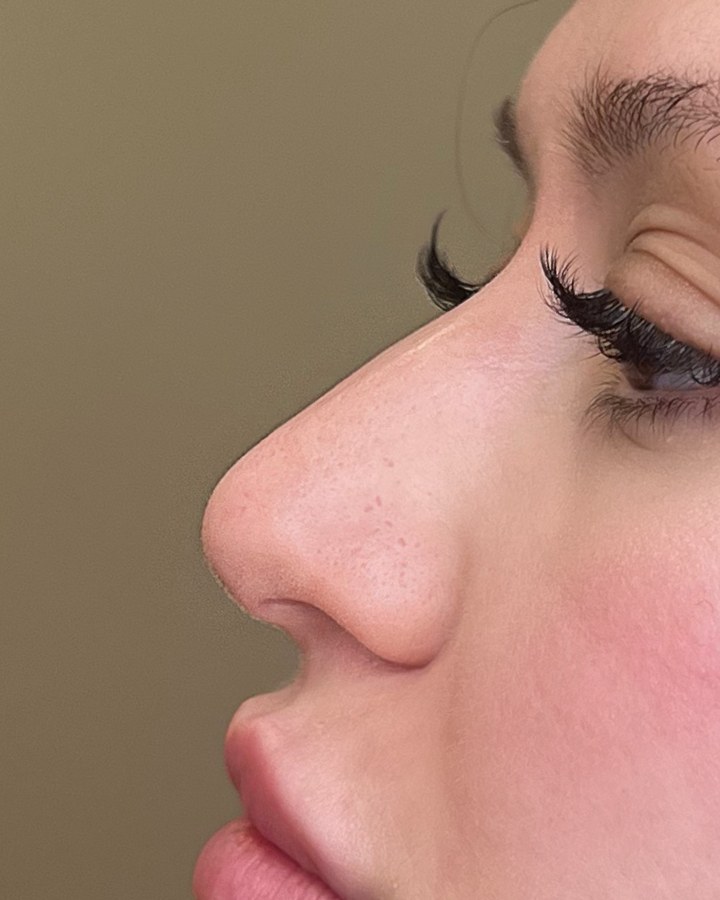 Nose, case 6 of 14: before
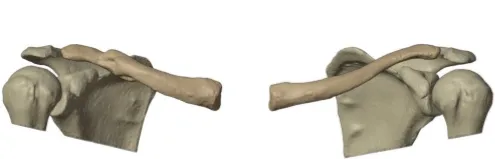 Pre-operative condition
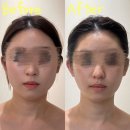 대박 | 신림윤곽관리 아늑 에스테틱&amp;헤드스파｜비대칭관리 비포애프터 대박 후기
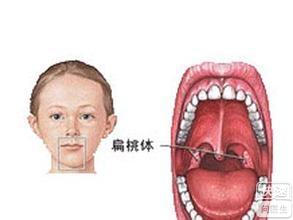 扁桃体化脓发烧反复 扁桃体炎为什么会发烧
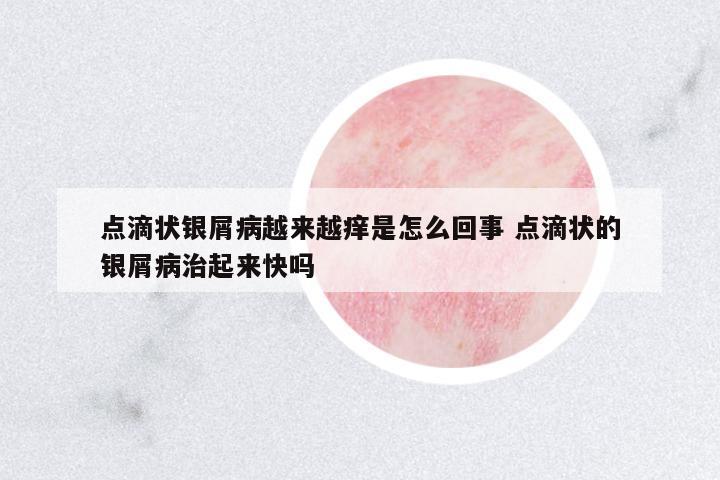 點(diǎn)滴狀銀屑病越來越癢是怎么回事 點(diǎn)滴狀的銀屑病治起來快嗎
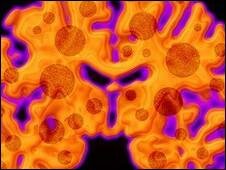 Avances tecnológicos para  detectar la enfermedad de alzheimer  años antes de que aparezcan los síntomas.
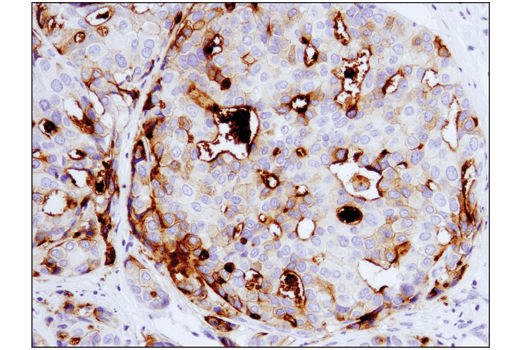 Immunohistochemistry Image 1: B7-H4 (D1M8I) Rabbit Monoclonal Antibody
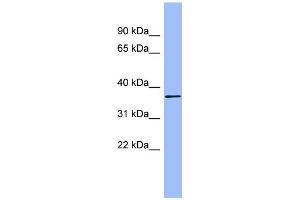 WB Suggested Anti-HAPLN1 Antibody Titration:  0. (HAPLN1 anticorps  (N-Term))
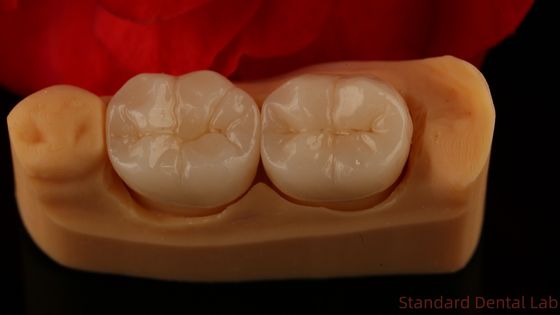 Coroa de contorno completo de zircônio Força e estética excepcionais Sem revestimento de porcelana Coroa posterior China Laboratório dentário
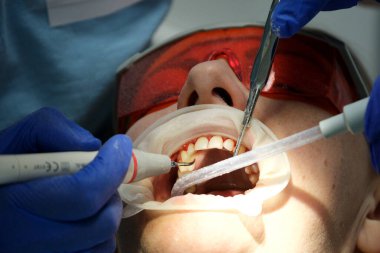 Diş tedavisi sırasında dişçi koltuğunda genç bir kadının yukarı bakıp gülümsediği yakın plan çekimler. Modern klinikte hastaların dişlerini muayene eden dişçi. Sağlıklı dişler ve ilaçlar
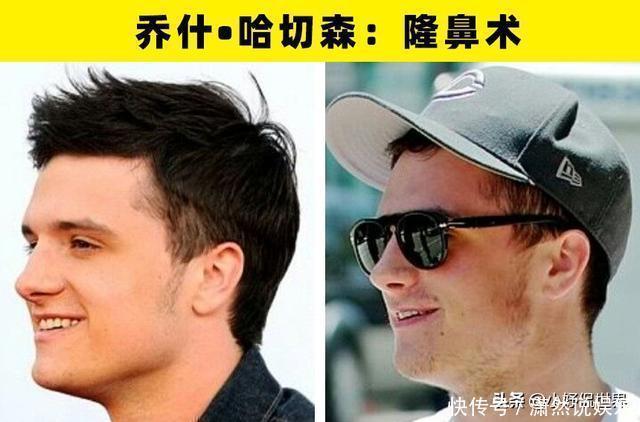 整容手术|大方承认自己做过整形手术的8名好莱坞明星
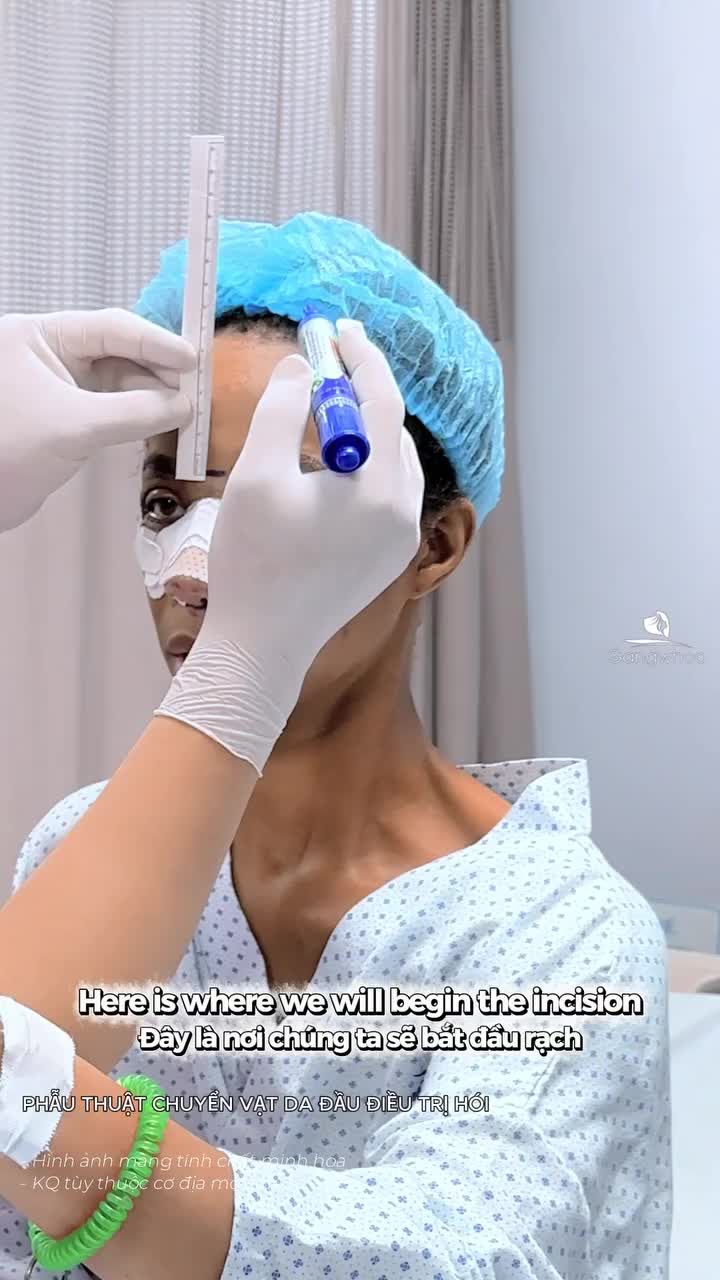 Kết quả hạ đường chân tóc nội soi vi phẫu cho bạn khách Mỹ sau 15 ngày DMKT: PHẪU THUẬT CHUYỂN VẠT DA ĐẦU ĐIỀU TRỊ HÓI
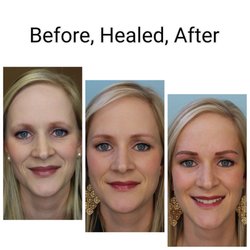 Permanent Makeup by Shannon - Before and After Microblading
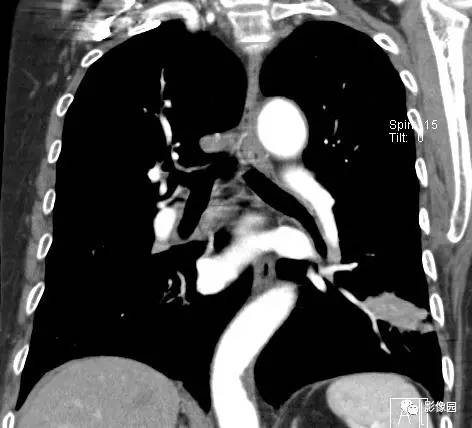 【病例】左下肺鳞癌1例CT 【病例】左下肺鳞癌1例CT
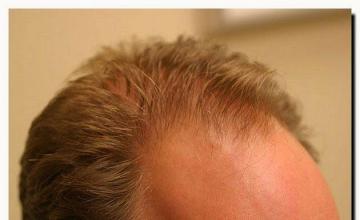 Hair restoration procedure results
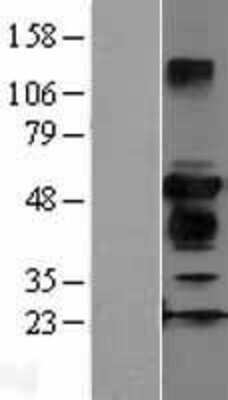 Western Blot ZFYVE27 Overexpression Lysate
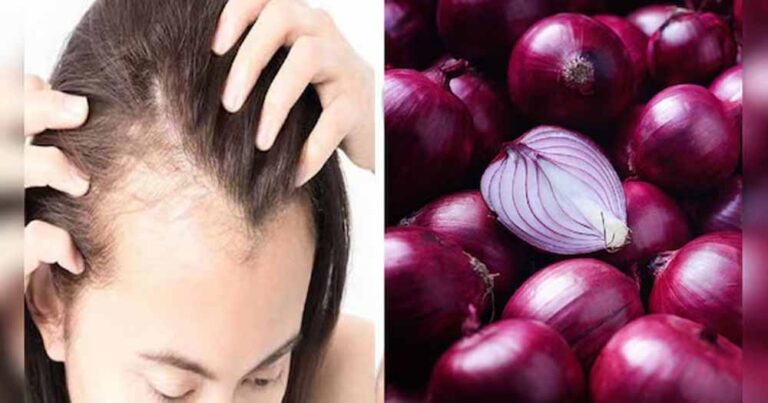 बालों के झड़ने से राहत, घर पर बनाएं प्याज का तेल बालों के झड़ने से राहत, घर पर बनाएं प्याज का तेल
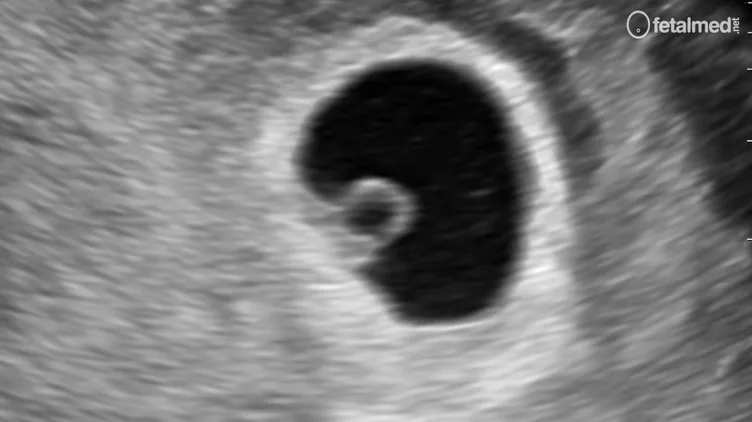 Saco gestacional com vesícula vitelínica ao ultrassom transvaginal no início da gestação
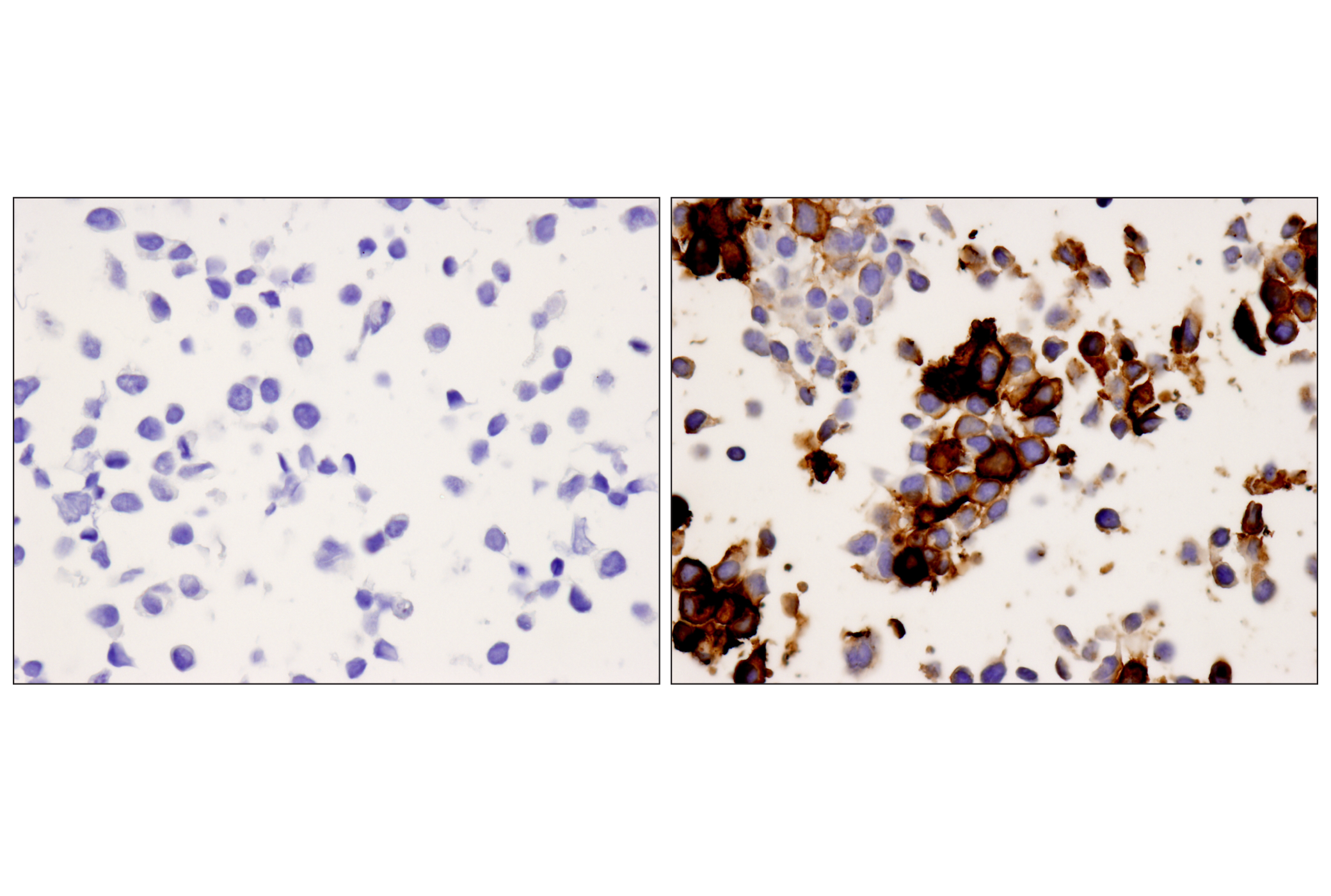 Immunohistochemistry Image 4: PD-1 (EH33) Mouse mAb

-=-=-=-=-

Description of the task: Your answer must consist solely of the lines from the one containing "整容手术|大方承认自己做过整形手术的8名好莱坞明星" through the last line of the records above, copied exactly, with every picture left out.

Response to this task:
 整容手术|大方承认自己做过整形手术的8名好莱坞明星
 Kết quả hạ đường chân tóc nội soi vi phẫu cho bạn khách Mỹ sau 15 ngày DMKT: PHẪU THUẬT CHUYỂN VẠT DA ĐẦU ĐIỀU TRỊ HÓI
 Permanent Makeup by Shannon - Before and After Microblading
 【病例】左下肺鳞癌1例CT 【病例】左下肺鳞癌1例CT
 Hair restoration procedure results
 Western Blot ZFYVE27 Overexpression Lysate
 बालों के झड़ने से राहत, घर पर बनाएं प्याज का तेल बालों के झड़ने से राहत, घर पर बनाएं प्याज का तेल
 Saco gestacional com vesícula vitelínica ao ultrassom transvaginal no início da gestação
 Immunohistochemistry Image 4: PD-1 (EH33) Mouse mAb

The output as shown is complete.